Around 3am, one of our main storage devices restarted and when it booted - BAM “Pool 1 RAID Group 1 is inactive.” Excuse me? The drives are in RAID 10 and hadn’t reported any faults until this moment. Granted, this particular model of QNAP device, the QNAP TS-879U-RP, has caused us significant heartache in the past.
This time, the primary storage volume had completely disappeared and the group of drives it was on is now “inactive”. We have backups that will completely cover us, but we just had an outage a month ago so I don’t want to have this storage unavailable for 4-6 hours while we restore from backups.
What do you do when nothing else can go wrong?
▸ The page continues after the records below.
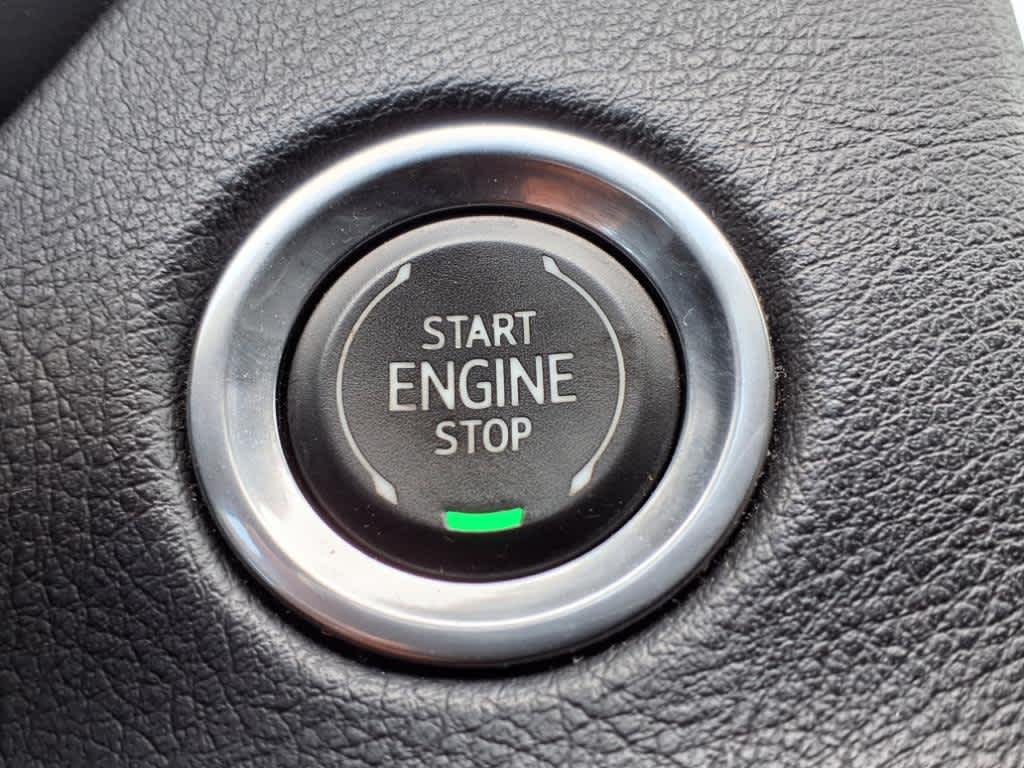 Thumbnail: 2021 Cadillac XT4 - 25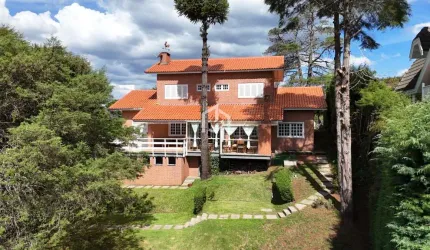 Casa em condomínio fechado com 5 quartos à venda no Jardim Véu da Noiva, Campos do Jordão  por R$ 3.000.000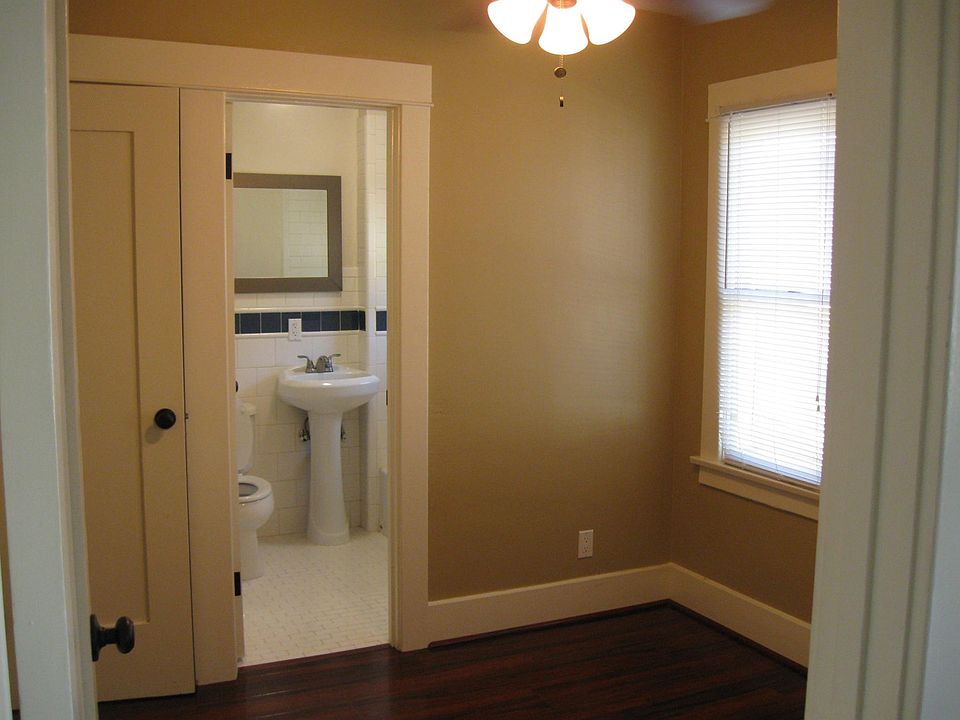 bedroom, with walk in closet, bathroom next to closet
Try things you have no idea what you’re doing!
My main resources were:
By ssh-ing into the device I could access the terminal to run a variety of commands that aren’t available in the
lovely bloated broken frustrating web interface.
md_checker gave me an idea of what the device saw from the drives - which was not good. 3 drives are reporting that they’re missing.
Recovering the Drives
I know that all the drives are just fine, so I want to try to put humpty-dumpty back together.
mdadm -AfR /dev/md1 /dev/sde3 /dev/sdf3 /dev/sdb3 /dev/sda3 /dev/sdg3 /dev/sdh3 /dev/sdi3 /dev/sdj3
mdadm -AfR is a gentle/safer way to place the drives back together, but it didn’t work in our scenario. It was good to get familiar with the ordering of the entire mount point and the disks in order as seem in md_checker.
/dev/md1: (the volume label from md_checker)
/dev/sde3: (first hard drive listed in the array and so forth)
mdadm -CfR –assume-clean /dev/md1 -l 10 -n 8 /dev/sde3 /dev/sdf3 /dev/sdb3 /dev/sda3 /dev/sdg3 /dev/sdh3 /dev/sdi3 /dev/sdj3
It was time to tuck your head between your knees, take a deep breath and accept that things aren’t going to go together easily but you still have a shot. This command forced the array to reassemble (good thing I had the drives in the right order in the command) but the volume remained offline.
-l 10: (RAID 10)
-n 8: (8 drives)
-assume-clean: (Ignore what we think about the drives and just go with it)
I naively assumed that a old-fashioned mount command would bring the volume back to the QNAP device. haha, so silly.
Fortunately, there’s a script on the device to handle these moments of bringing the volume back online. I was able to take a couple deep breaths and enjoy the rest of my day without a major outage window.